3. Check for improvement. Three months prior to the anticipated reevaluation of our performance, we asked the reviewers to return to our office to make sure we were on track. This review, which included only a sample of records from the initial audit, showed we had significantly brought up our percentages in all but one area: laboratory testing (specifically, lead-test tracking, an area we felt was beyond our control because we referred these tests out of our department). The reviewers were so impressed with the turnaround we were able to accomplish that they decided to suspend their plan to revisit our site for one to two years.

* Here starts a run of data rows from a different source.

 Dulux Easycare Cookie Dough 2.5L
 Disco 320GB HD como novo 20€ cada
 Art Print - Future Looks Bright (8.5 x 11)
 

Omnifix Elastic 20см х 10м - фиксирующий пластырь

Several months later, to assess how our current charts would fare under the same scrutiny, we asked that a random sample of all charts from children seen within the past three months be reviewed. The results were encouraging. Although several of our scores turned out to be lower than they were on the previous review – something we half expected due to the broader sampling involved in this review – all of our scores were passing except, again, in the area of lead-test tracking. To address this problem, our medical assistants came up with the idea of doing the lead testing themselves on-site at the time of the well-child visits, instead of referring the children who needed lead testing out of the department. Our local health department has agreed to supply the testing kits free of charge, and we believe these new measures will improve our performance at the next audit.

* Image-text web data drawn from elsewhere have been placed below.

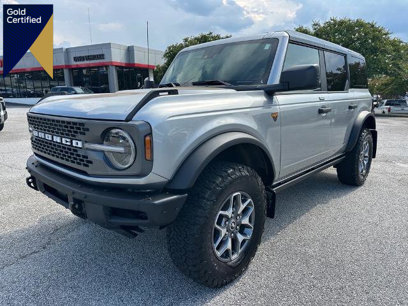 Certified 2024 Ford Bronco Badlands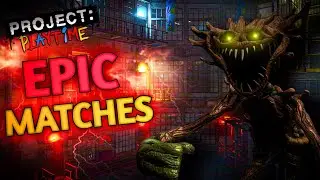 EPIC Monster Matches in Project Playtime Phase 3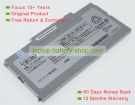 Panasonic CF-VZSU81, CF-VZSU81JS 7.2V 4400mAh replacement batteries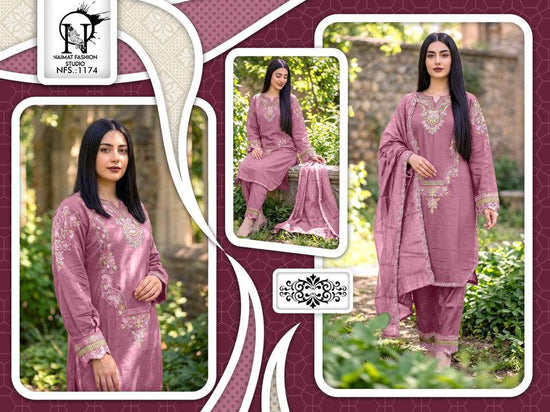 Naimat Fashion Nfs-1174
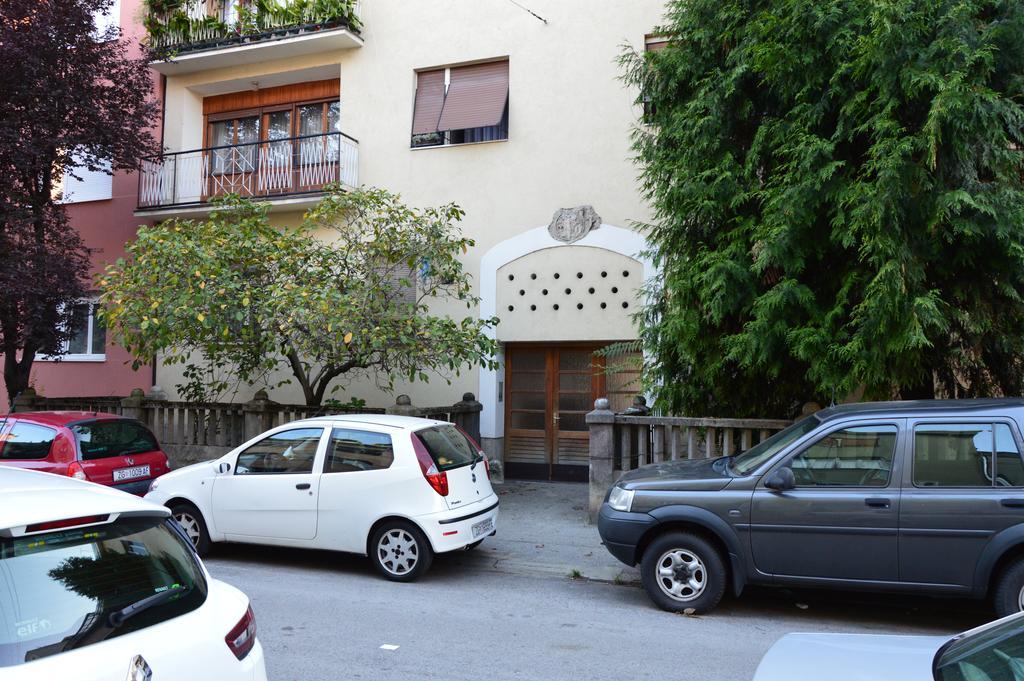 Apartment Bruno Zagreb Zimmer foto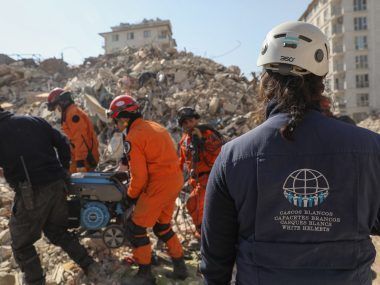 ASISTENCIA HUMANITARIA
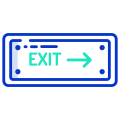 Exit icon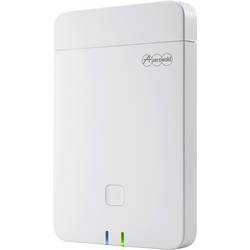 Auerswald COMfortel WS-500M základní stanice DECT/VoIP Počet jednotek (FXS): 250 Počet S0 portů: 1 x
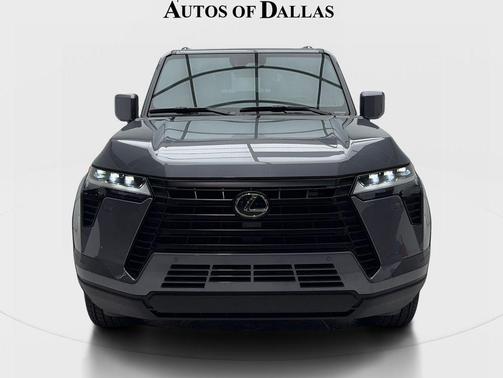 Gray Pearl 2025 Lexus GX 550 Premium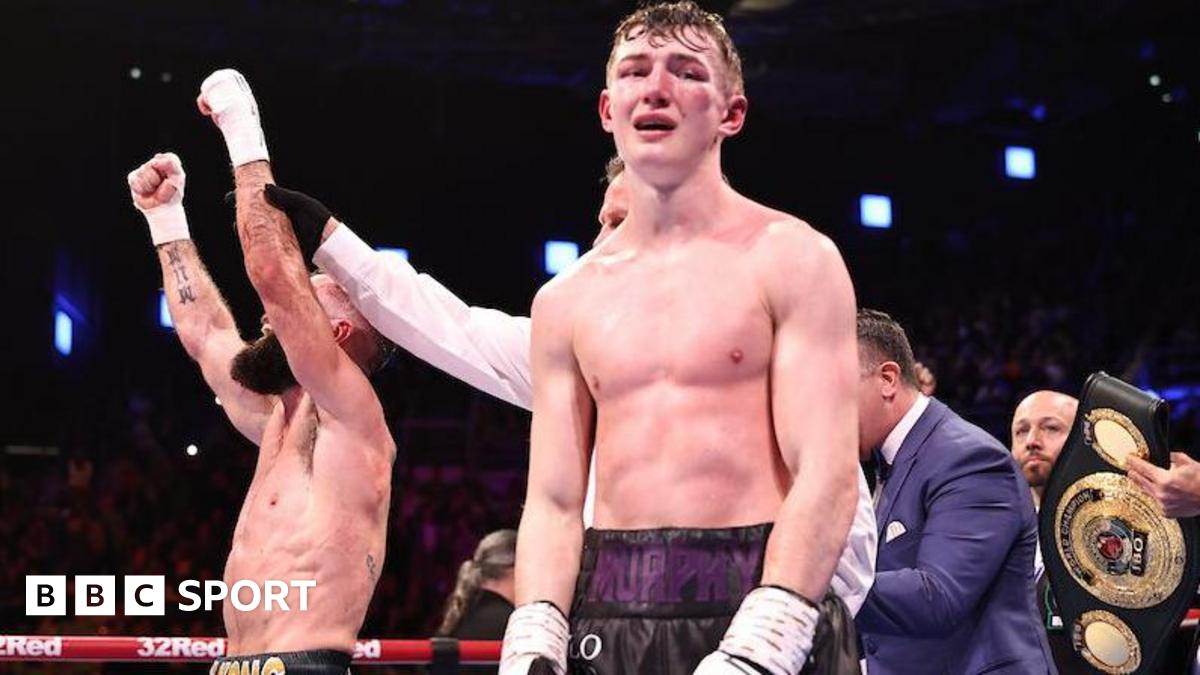 Carroll hands Murphy his first career defeat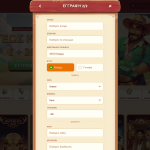 BillyBets Casino Εγγραφή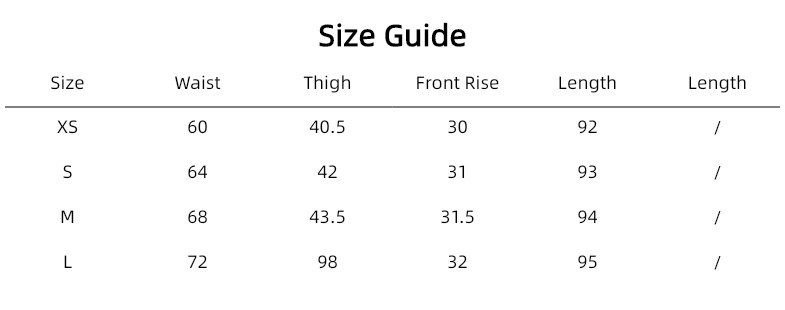 High waist vibe Design sense niche horn Jeans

Beyond fixing what is broken
Many quality improvement projects are prompted by the need to fix an area that has gotten out of control, often brought to your attention by an outside reviewer. From that experience comes a logical leap into true quality improvement, which requires that you go beyond “fixing what is broken” and start looking proactively to improve other areas within your practice. By identifying an area for improvement, focusing on what specific changes you can make and then checking to see whether your efforts worked, you can improve the quality of documentation and care rendered by your office. The reward for such a job well done is the privilege of continuing to do what we do best: caring for our patients.